Councillors voted 13-11 in favour of pulling the project to save the authority £8.5m. It followed a warning from officials to members that they could not afford to complete all building projects on the council's wish list.
The plan for the new route, which divided local opinion, was to connect New Elgin with the A96 Aberdeen to Inverness road, creating a new crossing over the railway line and opening up land for housing development.
As it is a reduction in government grant and increased costs for providing services, has created a £6m hole in next year’s council revenue budget and a recurring shortfall that is projected to lead to £14 in the following year.
Conservative councillor Douglas Ross moved the motion, seconded by SNP group leader Gary Coull, to drop the multi-million pound project, which was still supported by most of the ruling Independent/Tory administration.
At the meeting councillors were formally notified that their financial position was contrary to their statutory role to maintain a sustainable budget, and this would need to be addressed during the next two years.
The £8.5m project was due to come before the planning and regulatory service committee later this year.
The new crossing was designed to cope with the projected growth in traffic numbers over the next ten years.

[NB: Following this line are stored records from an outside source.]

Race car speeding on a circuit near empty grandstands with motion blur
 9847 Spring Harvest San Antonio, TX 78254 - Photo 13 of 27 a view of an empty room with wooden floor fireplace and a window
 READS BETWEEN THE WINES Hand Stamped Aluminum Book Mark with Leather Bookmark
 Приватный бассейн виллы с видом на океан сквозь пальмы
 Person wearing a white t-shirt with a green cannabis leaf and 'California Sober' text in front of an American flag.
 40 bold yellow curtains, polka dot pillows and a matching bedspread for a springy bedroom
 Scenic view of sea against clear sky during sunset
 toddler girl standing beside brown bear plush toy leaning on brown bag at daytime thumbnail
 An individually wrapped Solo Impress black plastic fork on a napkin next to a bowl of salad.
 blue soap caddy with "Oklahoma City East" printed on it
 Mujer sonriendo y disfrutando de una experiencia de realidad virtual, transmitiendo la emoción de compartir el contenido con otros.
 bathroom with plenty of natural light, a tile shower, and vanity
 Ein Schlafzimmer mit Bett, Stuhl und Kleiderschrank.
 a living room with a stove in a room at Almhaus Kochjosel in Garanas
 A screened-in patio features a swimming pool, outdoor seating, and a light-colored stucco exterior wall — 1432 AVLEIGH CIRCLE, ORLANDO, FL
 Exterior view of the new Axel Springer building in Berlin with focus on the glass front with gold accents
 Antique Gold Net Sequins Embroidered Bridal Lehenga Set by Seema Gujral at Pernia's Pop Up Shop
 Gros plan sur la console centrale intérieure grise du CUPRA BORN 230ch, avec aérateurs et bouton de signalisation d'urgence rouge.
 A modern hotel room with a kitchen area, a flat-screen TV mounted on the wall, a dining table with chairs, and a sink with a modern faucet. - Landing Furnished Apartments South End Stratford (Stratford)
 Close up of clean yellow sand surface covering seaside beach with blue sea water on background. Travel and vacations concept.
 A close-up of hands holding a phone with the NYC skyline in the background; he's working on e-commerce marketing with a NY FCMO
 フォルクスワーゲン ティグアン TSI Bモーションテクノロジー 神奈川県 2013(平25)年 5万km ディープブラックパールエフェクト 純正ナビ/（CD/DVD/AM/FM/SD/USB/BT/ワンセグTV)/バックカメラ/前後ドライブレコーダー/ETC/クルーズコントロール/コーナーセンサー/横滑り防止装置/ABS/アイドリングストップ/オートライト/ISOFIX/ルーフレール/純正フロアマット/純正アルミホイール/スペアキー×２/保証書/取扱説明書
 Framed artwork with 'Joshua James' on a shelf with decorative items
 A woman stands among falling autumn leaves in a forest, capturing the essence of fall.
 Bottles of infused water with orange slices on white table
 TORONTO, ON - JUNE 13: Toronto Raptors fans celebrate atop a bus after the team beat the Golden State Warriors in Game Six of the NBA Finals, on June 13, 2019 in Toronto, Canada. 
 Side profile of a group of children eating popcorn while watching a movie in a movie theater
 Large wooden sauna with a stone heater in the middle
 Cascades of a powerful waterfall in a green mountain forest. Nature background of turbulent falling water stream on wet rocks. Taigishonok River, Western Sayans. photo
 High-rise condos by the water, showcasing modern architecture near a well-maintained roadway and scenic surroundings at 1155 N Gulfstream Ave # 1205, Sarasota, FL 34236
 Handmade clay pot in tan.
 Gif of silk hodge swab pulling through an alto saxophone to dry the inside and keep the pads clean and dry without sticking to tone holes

Council leader Stewart Cree, who voted to keep the project in the plan, said it would be a grave error to abandon the project that had been approved as a council priority.
He was supported by fellow Independent councillor John Cowe, who said the existing crossing over the Inverness-Aberdeen railway was already at 103 per cent capacity, and that the new crossing would have had major benefits.
“The road would have generated an estimated £6m in council tax revenues, and a potential boost to the local economy of £100m,” he said.
He added that a new crossing would have to built at some stage, it would now simply cost more.